S.N. : Ils n’y arrivent pas, quand on est parti sur l’histoire, on s’est dit que c’était quatre paumés qui se serrent les coudes, qui vont ensemble vers un but, puis, ils y arrivent. C’était très simple. On a commencé à travailler et on s’est aperçu, finalement, qu’ils n’étaient jamais ensemble. C’est-à-dire, qu’il y en a toujours un qui n’est pas là, et que ça, ils n’arrivaient même pas à le faire. Ils n’arrivaient même pas à être ensemble. Au début c’est Seiffert qui se planque et qui est à part, après tu as Braukmann qui est mis hors du jeu, parce qu’il a du boulot, après c’est Stupianek qui est mis hors du jeu. Ils n’arrivent jamais à être ensemble, sauf à la toute fin, sur la scène où ils partent. La pièce nous a paru encore plus noire que prévue, car on pensait que c’était au moins un espèce de chant d’espoir.
Y.C. : Non, ça frôle la barbarie, la folie, il y a une part anthropophage à certains moments.
S.N. : Oui, c’est très violent.
Y.C. : Dans la mise en scène, ce n’est pas tant montré que cela ?
S.N. : Non, parce que on a travaillé sur une version encore plus violente, alors que je trouve qu’il y a une grande fenêtre ouverte dans le texte. Il y a beaucoup d’humour là-dedans ; il a essayé de travailler sur la dérision et on s’est efforcé de traiter tout cela différemment, de garder une chose plus violente sur la fin, sur le vrai suicide de Seiffert, pour casser un peu les choses. Mais, c’est vrai que c’est très atomisé, tout est atomisé, mais c’était intéressant aussi parce que c’est la structure de sa pièce. Son histoire de découpage de la pièce en tableaux aussi. C’est un emprunteur Karge, il va prendre beaucoup chez Büchner, chez Brecht.
Y.C. : C’est une sorte de montage, de détournement, Brecht disait « une chose appartient à celui qui l’améliore » ?
S.N. : Tous les écrivains allemands procèdent comme cela et c’est ce que j’aime chez eux, qu’il y ait une chose qui soit plus assumée. Ils revendiquent une mémoire finalement.
Y.C. : Ce ne sont pas seulement des citations, ils les retravaillent.
S.N. : Oui, il les retravaillent et surtout ils disent : « Moi j’ai été élevé avec Brecht », donc si j’écris, j’écris avec Brecht, alors qu’en France, on a beaucoup plus honte de cela, de ces filiations.

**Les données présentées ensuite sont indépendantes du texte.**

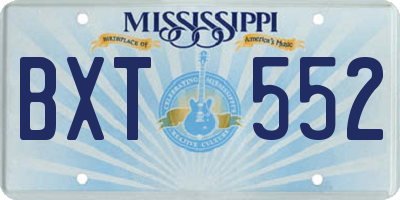 MS license plate BXT552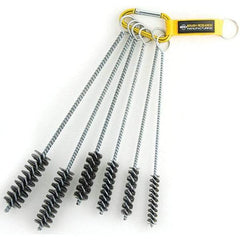 Brush Research Mfg. - 1" Diam Helical Steel Tube Brush - Single Spiral, 0.01" Filament Diam, 3" Brush Length, 12" OAL, 0.245" Diam Galvanized Steel Shank - Eagle Tool & Supply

Y.C. : Dans tes mises en scène, il y a quelque chose qui revient fréquemment, l’enfermement, de gens assez jeunes souvent, dans un lieu clos, comme dans « La Chinoise » de Godard. Et qui construisent une utopie, avec une double face, maléfique, destructrice, ou passant par une rédemption. Comment as-tu travaillé cette fois-ci ?
S.N. : Oui, ce phénomène, je m’en suis aperçu, après coup. Cela vient peut-être d’une des première choses que je fais, qui est de travailler, en général une ou deux semaines, pour constituer l’équipe et de se constituer les uns par rapport aux autres et par rapport au texte et rien d’autre. Pas dans une urgence de la représentation, je refuse de tomber là-dedans. On a des contraintes économiques, aujourd’hui, qui sont souvent deux mois de répétition, je dis aux acteurs : « On a deux mois pour travailler, on va montrer ce qu’il va y avoir dans deux mois. »
Y.C. : Pour qui fais-tu du théâtre?
S.N. : « La Conquête du pôle Sud « par exemple, c’est un spectacle pour novembre 1993, le théâtre ça ne doit pas laisser de trace.